Merchant will need to learn to accept that.

1) You can simply pirate movies, books, games.  So the ideas that someone will use a Finney attack is somewhat dubious.  Far easier to just launch bittorrent.

2) Even IF the block time was 2 minutes is a paywall going to make user wait 2 minutes?  Really?  The tiny risk is simply not worth it.

3) There is always risk.  1+ confirms can be reversed with significant hashing power.  1000+ confirms can be reversed w/ 51% attack.  No CC transaction is risk free.  Digital goods certainly are more risk for CC than other forms.

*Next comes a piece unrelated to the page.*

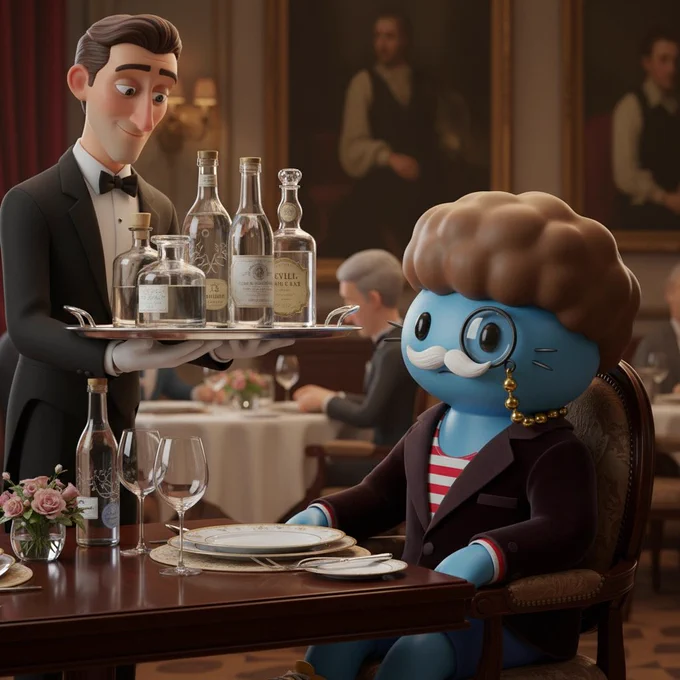 Lord Overprice, an aristocratic CGI-style cartoon cat, sits at an elegant fine-dining table in a luxurious restaurant. A formal water sommelier presents several exclusive bottles of still water on a silver tray while Lord Overprice studies them with cool, faintly disapproving billionaire indifference. The scene feels opulent, polished, and satirical.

I never said 0-confirms are risk free I said that the risk was overblown AND that changing the block time from 10 min to 2 min doesn't materially improve the situation.  Really the only attack vector it helps is against a Finney attack but even there it only helps for merchants who are willing to wait for 2 min block but not a 10 minute block.  Those waiting for 10 minute block are already "safe" and those unwilling to wait 2 min don't gain anything.

The reality is life has risk and rather than trying to develop some perfect ultra lock down system with 0.0000000000000000% risk it is better to simply design a system that mitigages risk.  If the fraud cost is 10% of that compared to CC then Bitcoin is a huge improvement.    The goal of a business should be to maximize profit (after fraud which is a cost of doing business) not trying to get fraud zero.